━━ Data extracts ━━
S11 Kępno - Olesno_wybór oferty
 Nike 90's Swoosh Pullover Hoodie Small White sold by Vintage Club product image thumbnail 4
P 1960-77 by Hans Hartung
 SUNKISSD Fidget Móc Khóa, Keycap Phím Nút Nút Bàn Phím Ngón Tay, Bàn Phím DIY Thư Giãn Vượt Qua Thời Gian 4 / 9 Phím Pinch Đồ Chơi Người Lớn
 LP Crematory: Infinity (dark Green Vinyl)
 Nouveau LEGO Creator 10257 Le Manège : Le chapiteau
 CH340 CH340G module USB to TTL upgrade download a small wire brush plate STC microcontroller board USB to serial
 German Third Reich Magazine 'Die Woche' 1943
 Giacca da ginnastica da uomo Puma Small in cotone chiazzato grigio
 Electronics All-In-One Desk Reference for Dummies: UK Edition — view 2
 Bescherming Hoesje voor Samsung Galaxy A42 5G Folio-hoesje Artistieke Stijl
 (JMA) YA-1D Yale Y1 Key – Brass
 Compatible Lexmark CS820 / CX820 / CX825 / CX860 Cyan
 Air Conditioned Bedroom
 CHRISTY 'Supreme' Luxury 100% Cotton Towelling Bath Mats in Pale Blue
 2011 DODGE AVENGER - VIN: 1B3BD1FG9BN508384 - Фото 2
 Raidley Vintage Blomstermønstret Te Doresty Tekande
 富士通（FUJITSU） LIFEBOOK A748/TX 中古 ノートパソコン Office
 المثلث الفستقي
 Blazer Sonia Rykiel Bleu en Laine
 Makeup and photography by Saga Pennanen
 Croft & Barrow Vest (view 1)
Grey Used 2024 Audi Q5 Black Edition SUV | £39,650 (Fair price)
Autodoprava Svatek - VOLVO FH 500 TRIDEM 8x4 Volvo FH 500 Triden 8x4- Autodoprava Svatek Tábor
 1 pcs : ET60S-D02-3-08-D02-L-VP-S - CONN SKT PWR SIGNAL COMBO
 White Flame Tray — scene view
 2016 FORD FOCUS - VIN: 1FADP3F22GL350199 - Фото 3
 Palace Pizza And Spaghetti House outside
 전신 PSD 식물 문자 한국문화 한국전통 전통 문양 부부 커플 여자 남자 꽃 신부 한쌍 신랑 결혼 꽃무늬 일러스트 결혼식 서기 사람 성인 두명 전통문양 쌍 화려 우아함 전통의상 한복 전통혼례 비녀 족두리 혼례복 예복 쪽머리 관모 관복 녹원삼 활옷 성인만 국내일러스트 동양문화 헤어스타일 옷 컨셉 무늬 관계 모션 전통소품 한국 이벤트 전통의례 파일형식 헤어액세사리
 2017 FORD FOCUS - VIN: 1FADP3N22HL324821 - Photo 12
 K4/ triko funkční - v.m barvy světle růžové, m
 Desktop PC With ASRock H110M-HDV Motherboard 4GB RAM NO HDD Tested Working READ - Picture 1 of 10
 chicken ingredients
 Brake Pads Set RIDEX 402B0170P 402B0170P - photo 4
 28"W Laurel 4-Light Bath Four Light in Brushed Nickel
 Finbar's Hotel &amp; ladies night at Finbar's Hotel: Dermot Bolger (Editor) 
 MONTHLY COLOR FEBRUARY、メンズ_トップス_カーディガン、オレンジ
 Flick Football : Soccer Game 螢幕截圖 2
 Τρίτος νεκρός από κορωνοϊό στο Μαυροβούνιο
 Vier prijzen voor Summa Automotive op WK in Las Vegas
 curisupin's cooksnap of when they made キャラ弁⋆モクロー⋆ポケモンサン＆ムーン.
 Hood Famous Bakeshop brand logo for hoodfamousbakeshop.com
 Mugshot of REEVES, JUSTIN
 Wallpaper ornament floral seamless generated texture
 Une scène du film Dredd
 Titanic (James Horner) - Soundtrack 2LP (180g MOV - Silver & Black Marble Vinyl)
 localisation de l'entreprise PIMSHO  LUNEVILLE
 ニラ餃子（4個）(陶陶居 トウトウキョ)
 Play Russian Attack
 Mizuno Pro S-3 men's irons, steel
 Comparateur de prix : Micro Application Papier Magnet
━━━
## Description of the task
Repeat, character for character, the lines from the one that holds "in Brushed Nickel" to the final line of the material, inclusive, and no other lines.

## Response for this exercise
 28"W Laurel 4-Light Bath Four Light in Brushed Nickel
 Finbar's Hotel &amp; ladies night at Finbar's Hotel: Dermot Bolger (Editor) 
 MONTHLY COLOR FEBRUARY、メンズ_トップス_カーディガン、オレンジ
 Flick Football : Soccer Game 螢幕截圖 2
 Τρίτος νεκρός από κορωνοϊό στο Μαυροβούνιο
 Vier prijzen voor Summa Automotive op WK in Las Vegas
 curisupin's cooksnap of when they made キャラ弁⋆モクロー⋆ポケモンサン＆ムーン.
 Hood Famous Bakeshop brand logo for hoodfamousbakeshop.com
 Mugshot of REEVES, JUSTIN
 Wallpaper ornament floral seamless generated texture
 Une scène du film Dredd
 Titanic (James Horner) - Soundtrack 2LP (180g MOV - Silver & Black Marble Vinyl)
 localisation de l'entreprise PIMSHO  LUNEVILLE
 ニラ餃子（4個）(陶陶居 トウトウキョ)
 Play Russian Attack
 Mizuno Pro S-3 men's irons, steel
 Comparateur de prix : Micro Application Papier Magnet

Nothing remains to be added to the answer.